■ Exercise ■
Below this line are records; write out exactly the lines from the one containing "Фото до и после" through the one containing "Total Knee Replacement Precision Visual", with the pictures left out.

■ Exercise inputs ■
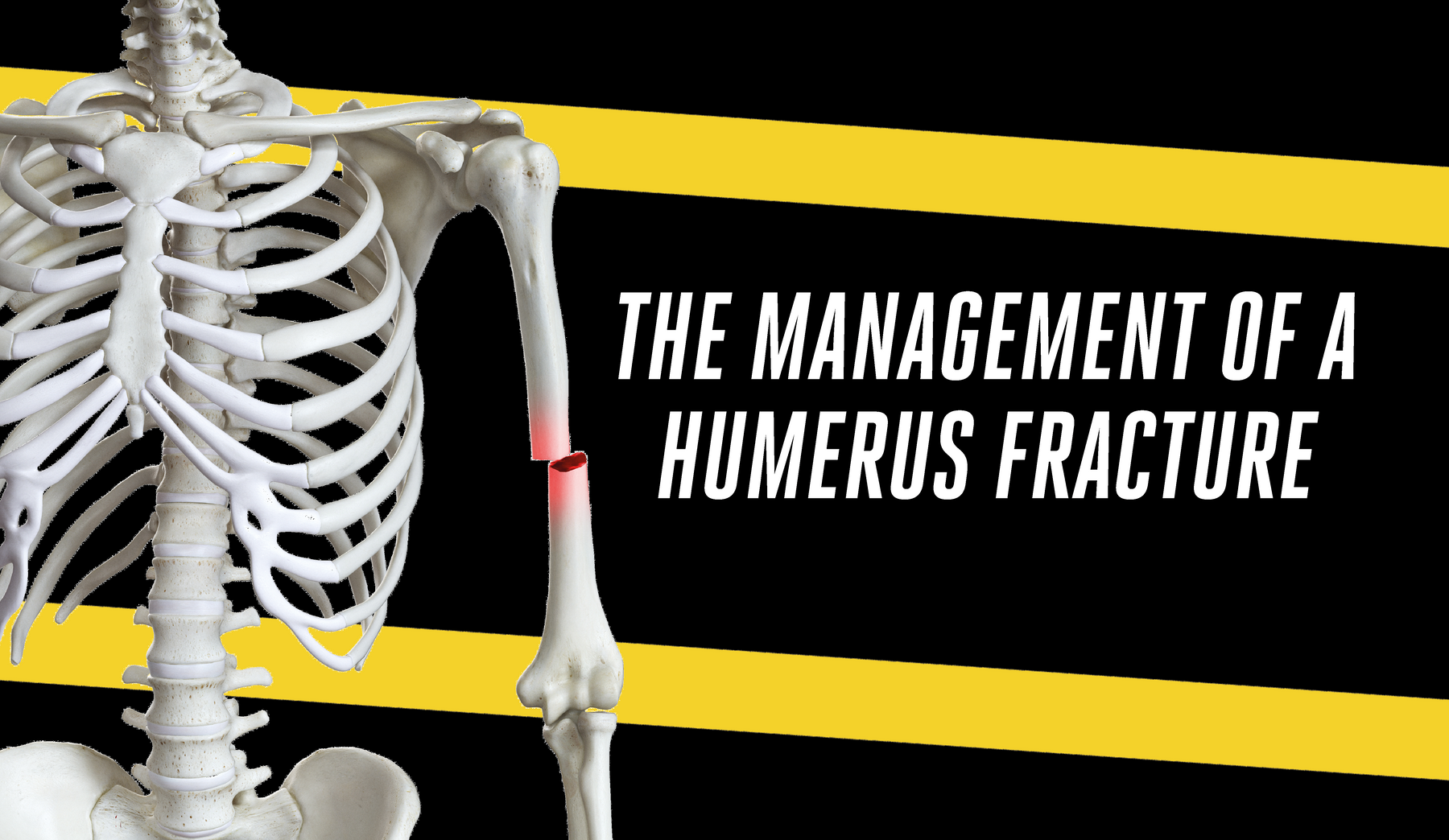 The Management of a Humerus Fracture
--
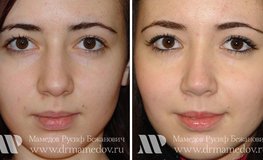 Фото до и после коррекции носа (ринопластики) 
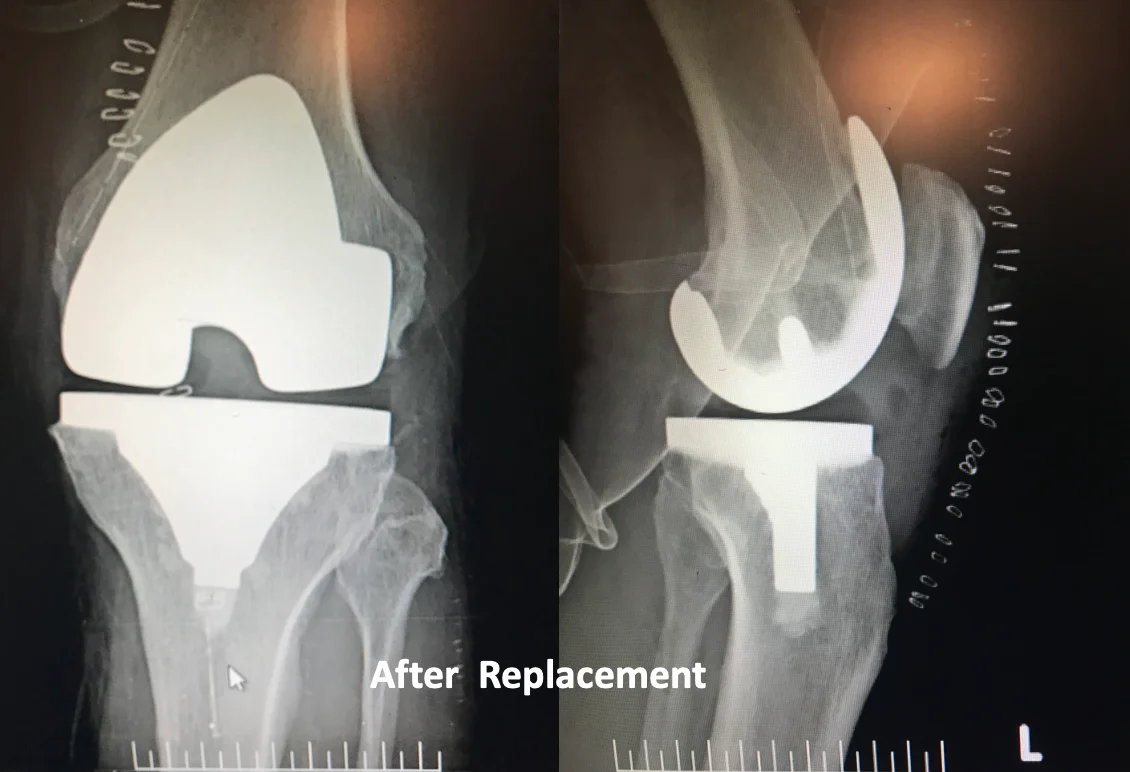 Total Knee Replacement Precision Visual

■ Expected output ■
 Фото до и после коррекции носа (ринопластики) 
 Total Knee Replacement Precision Visual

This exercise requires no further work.